Born and raised in the Jazz-ridden New Orleans streets, Connee (Connie) Boswell, and her two other sisters, Martha and Vet, learned to pluck and toot almost every instrument used in popular and vocal Jazz. The Boswell sisters even appeared with the New Orleans Philharmonic at a very young age, but their main focus was vocally. It was in 1925 when they cut their own record, and soon after, started to tour the United States, appearing on radio. Here and there on their busy trek across the country, they found time to record albums, which built up their popularity to such a point, that they were even getting respectful gestures from Jazz giants, such as Benny Goodman and Eddie Lang.
Connee was the ring leader of the trio, usually devising innovative charts of Jazz that were chock full unexpected changes in tempo, rhythm, and key. This left the audience's thirst for Jazz quenched, but only to the point where, on their ride home, they would want more! Connee was so into her music that some believed that she was a direct descendant of Jazz itself, the Jazz Queen herself. In 1936, all the sisters got married, and Vet and Martha retired. Connie, on the other hand, even though she cut solo albums while with the group, directed her entire focus on her solo career.
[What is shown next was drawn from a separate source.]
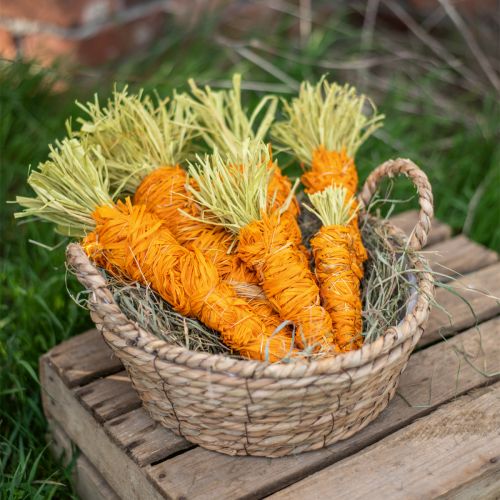 Floristik24 Scatola fai da te Decorazione pasquale Carote in un cestino Decorazione da tavolo in rafia Pasqua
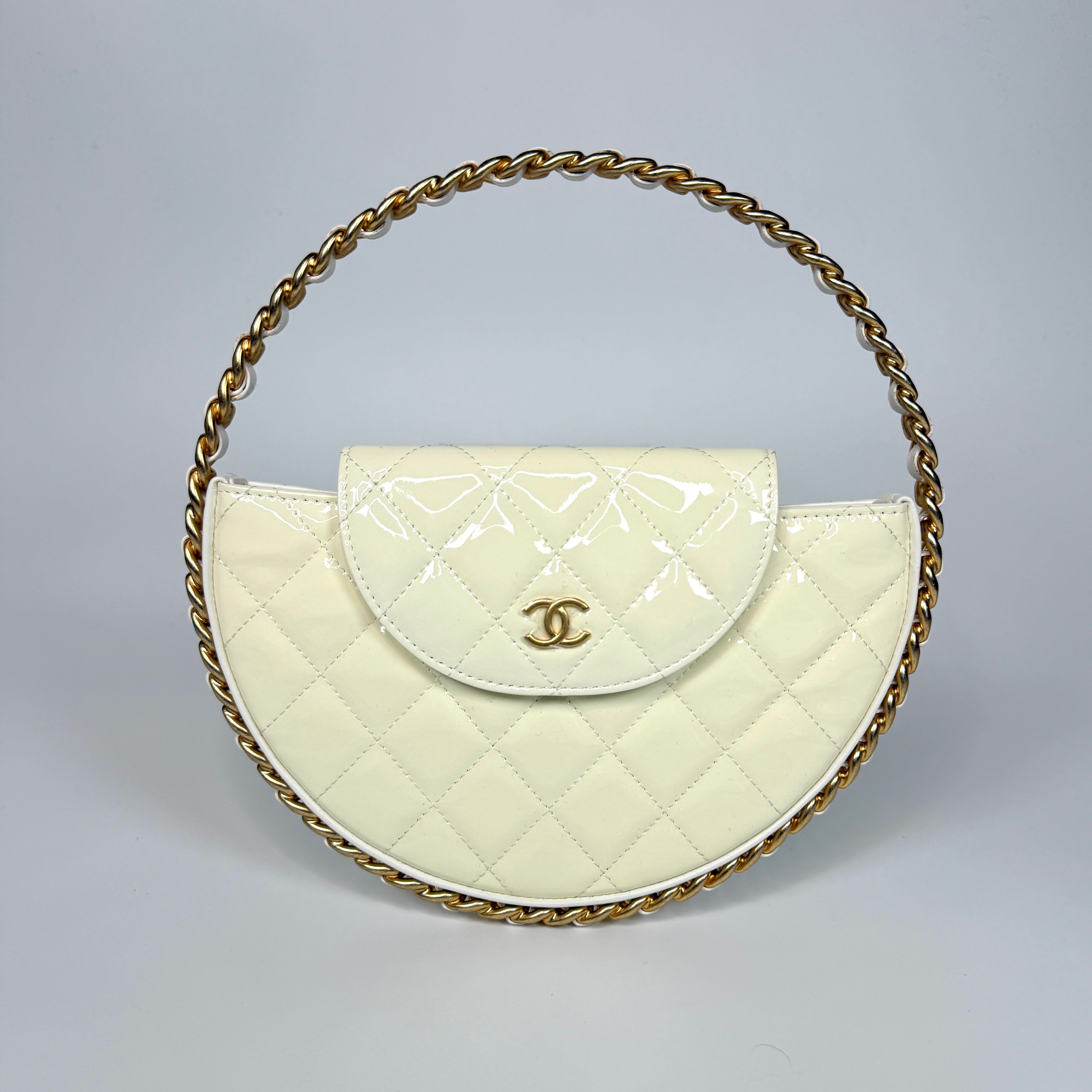 Authentic and preloved Chanel White Quilted Patent Leather Chain Around Hoop Bag In Excellent condition. 100% Authenticity Guarantee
I ripped only the vocal tracks with Connee.


thomasm said...

Welcome back from vacation Daniel. I too just returned from a trip. We went to New Orleans to do free legal work (pro bono) for people who lost their houses in Hurricane Katrina. So it was great fun to return home and find this wonderful music from a daughter of New Orleans--Connie Boswell. Hearing The Saints Go Marching In brings back fond memories of this past week and of a city that still needs much help. Thank you--Tom

soilworker said...

Usually I'm not that into New Orleans trumpet sounds but this album - or at least those vocal tracks with Connie Boswell - is fun!

jayh said...

This is lively and fun to listen to. Thanks.